After this long crisis period, Panathinaikos had to wait until 1949 to win again a Greek Championship under the guidance of the Austrian coach Johann Strnad. The same year Vangelis Panakis and Kostas Linoxilakis came to the club and quickly became the new star players. Panathinaikos was again champion for the 1952–53 Panhellenic Championship.

Until 1959, the team had also won seven of the last eight Athens Championships, the regional championships organised in Greece. In 1959, Mimis Domazos, the emblematic captain of the team, made his first appearance with Panathinaikos and the same year took place the first season under the new system of Alpha Ethniki (1959–60 Alpha Ethniki). Panathinaikos was the champion team.

60's: The Golden Decade, the Bobek's rejuvenation

The team in 1958

During the next years Panathinaikos were again champions in 1961, 1962, 1964, 1965, 1969 and 1970. Moreover, the team won 2 more Greek Cups in 1967 and 1969. Also, during these years, a long process of rejuvenation took place in the club. Notable players retired, such as Panakis, Linoxilakis, Takis Loukanidis and Andreas Papaemmanouil, and the team had to count on young players like Domazos, Antonis Antoniadis, Anthimos Kapsis, Kostas Eleftherakis and Takis Ikonomopoulos.

Stjepan Bobek was the main contributor to this process. In 1963 he came as coach, he changed the playing style of the team (to 4-3-3) and created a new team based on young players (the "Bobek's rejuvenation"). Under his guidance, Panathinaikos won the Championship of 1964 without a loss, making them the only team that has won the Greek Championship (with its modern system) undefeated.[15] Notable players of the team included Panakis, Domazos, Takis Ikonomopoulos, Totis Filakouris, Frangiskos Sourpis and Aristidis Kamaras.

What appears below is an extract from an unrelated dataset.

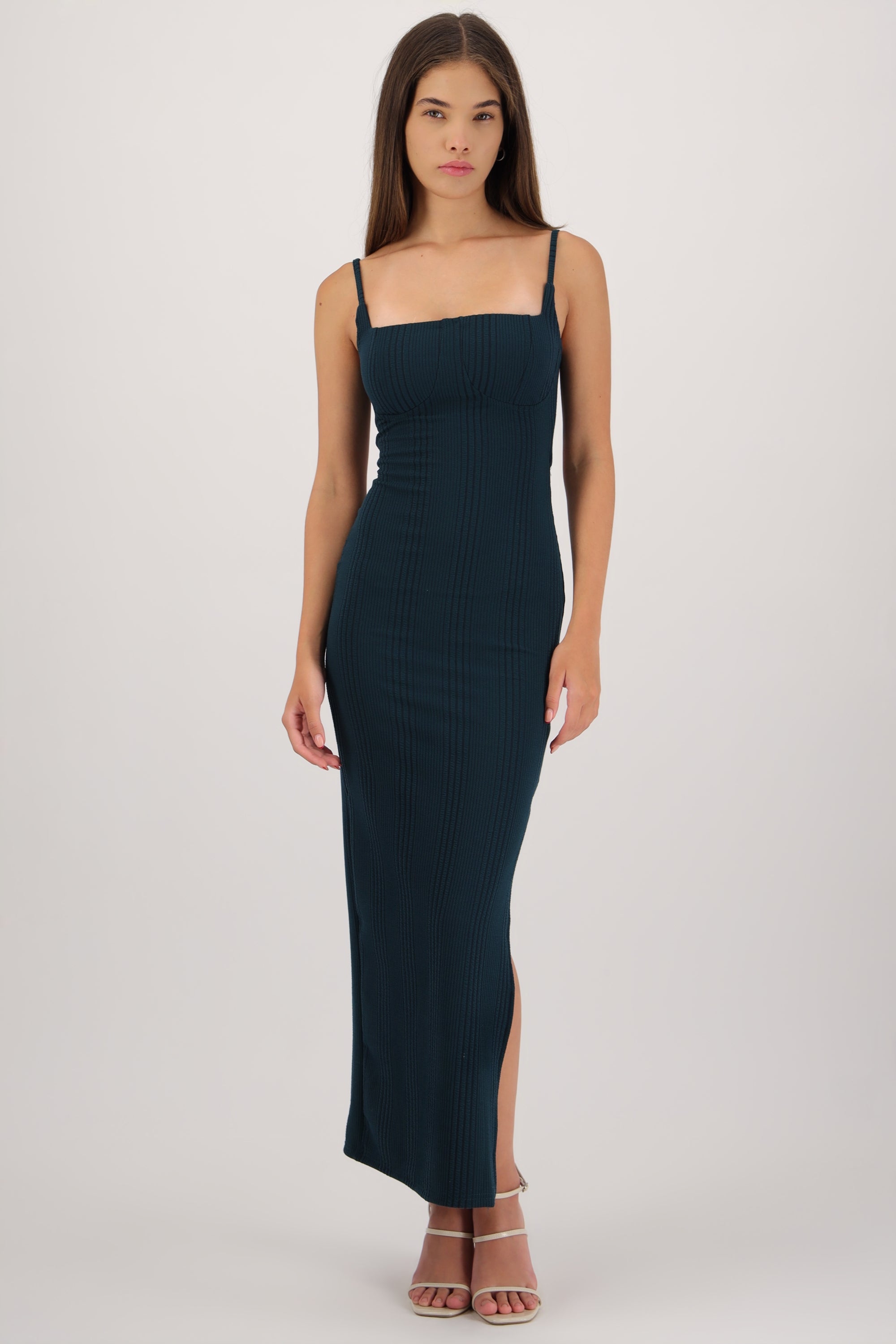 Vestido maxi copa textura VERDE CAZADOR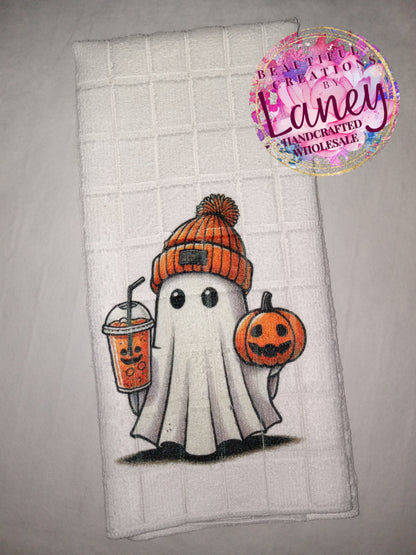Pumpkin Spice Ghost Kitchen Tea Towel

With the establishment of the Greek military regime, the president of the club Loukas Panourgias was forced out of the presidency. The contract of Stjepan Bobek was canceled by the State, while Apostolos Nikolaidis, the old player, manager and official of the club, went on trial.[21]

In 1967, the great Béla Guttmann came as coach, but he soon left and ex-player Lakis Petropoulos was appointed. Under his guidance Panathinaikos won the championships of 1969 (with a Double) and 1970.

Puskás years and the epic road to Wembley: European Cup 1970–71 finalists

Line-up of the 1971 European Cup Final.
The team in the 1971 European Cup Final against Ajax.

In 1971, under the guidance of Ferenc Puskás, Panathinaikos were 1970–71 European Cup finalists, the first and only Greek team until today, losing 2–0 to Ajax at Wembley Stadium.[15] In the road to the final they eliminated Jeunesse Esch, Slovan Bratislava, Everton and Red Star Belgrade.[15][22] Notable players included the captain Mimis Domazos, Anthimos Kapsis, Aristidis Kamaras, Kostas Eleftherakis, Totis Filakouris and the goalkeepers Takis Ikonomopoulos and Vasilis Konstantinou. Antonis Antoniadis was the top scorer in the competition scoring 10 goals.

In the same year, Panathinaikos played for the 1971 Intercontinental Cup (due to the refusal of Ajax to participate), where they lost to Nacional (1–1 in Greece, 2–1 in Uruguay).[23] Totis Filakouris was the scorer for the Greek club.

During the last amateur years of Greek football, the Trifolium won one more Championship in 1972. Antonis Antoniadis was again top scorer with 39 goals (also second in Europe). His record remains until today in the Greek league.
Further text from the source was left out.